Tuesday, February 23, 2010

Remember

Lobbying is really just free speech.

In 1967, then-Prime Minister Indira Gandhi imported 18,000 tons of hybrid wheat seeds from Mexico. The effect was miraculous. The wheat harvest that year was so bountiful that grain overflowed storage facilities.

Those seeds required chemical fertilizers to maximize yield. The challenge was to make fertilizers affordable to farmers who lacked the cash to pay for even the basics—food, clothing and shelter.

Back then, giving cash or vouchers to millions of farmers living all over India seemed like an impossible task fraught with the potential for corruption. So the government paid subsidies to fertilizer companies, who agreed to sell for less than the cost of production, at prices set by the government.

The subsidies were designed to make up the difference between the production price and sale price—and to give the producers a 12% after-tax return on any equity investment.

Fertilizer manufacturing companies sprang up around the country. Nagarjuna Fertilizers & Chemicals Ltd. became one of the most profitable publicly listed companies in India.
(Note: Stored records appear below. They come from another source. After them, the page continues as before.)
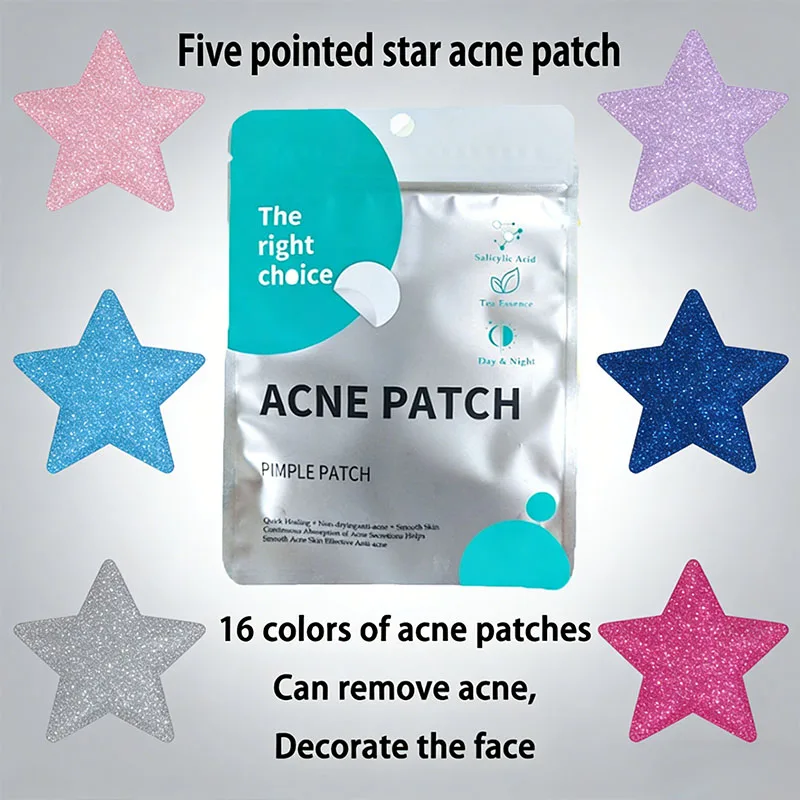 400/640pcs pentagram pattern acne patch, covering acne, suction, suppuration, and acne removal patches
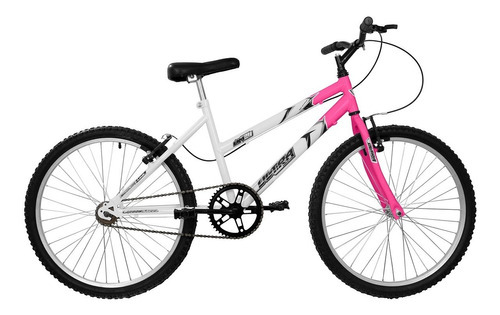 Bicicleta Mountain Bike Aro 24 Ultra Bikes Feminina Azul Cor Branco E Rosa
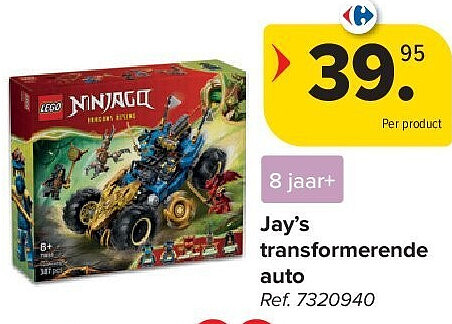 Jay’s transformerende auto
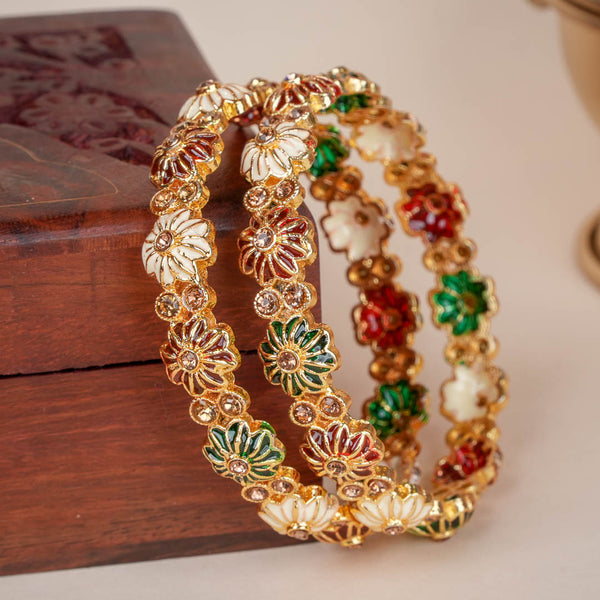 Aanvika Meenakari Bangles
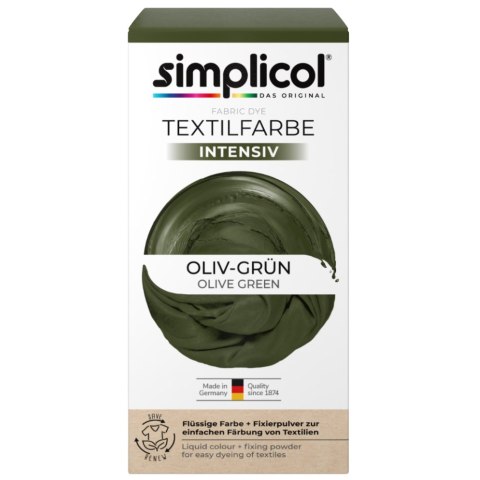 Simplicol Intensiv Barwnik do Tkanin Oliv-Grun Oliwkowa Zieleń Brauns-Heitmann GmbH & Co. KG Simplicol Intensiv Barwnik do Tkanin Oliv-Grun Oliwkowa Zieleń Brauns-Heitmann GmbH & Co. KG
In 1991, with the cost of the subsidy weighing heavily on India's finances, Manmohan Singh, then finance minister and now prime minister, pushed to eliminate it. Most fertilizer companies lobbied fiercely to retain the program. Many legislators also resisted ending the subsidy, fearing a backlash from farmers.

"The business interests lobbied and the business interests prevailed," says Ashok Gulati, the director in Asia of the International Food Policy Research Institute, a Washington-based think tank, who was involved in the policy discussions at the time. A last-minute compromise eliminated the subsidy on all fertilizers except for urea.

"That's when the imbalanced use of fertilizers began," says Pratap Narayan, ex-director general of the industry group, the Fertilizer Association of India.

Or at least that's what Socrates said just before he hit the hemlock.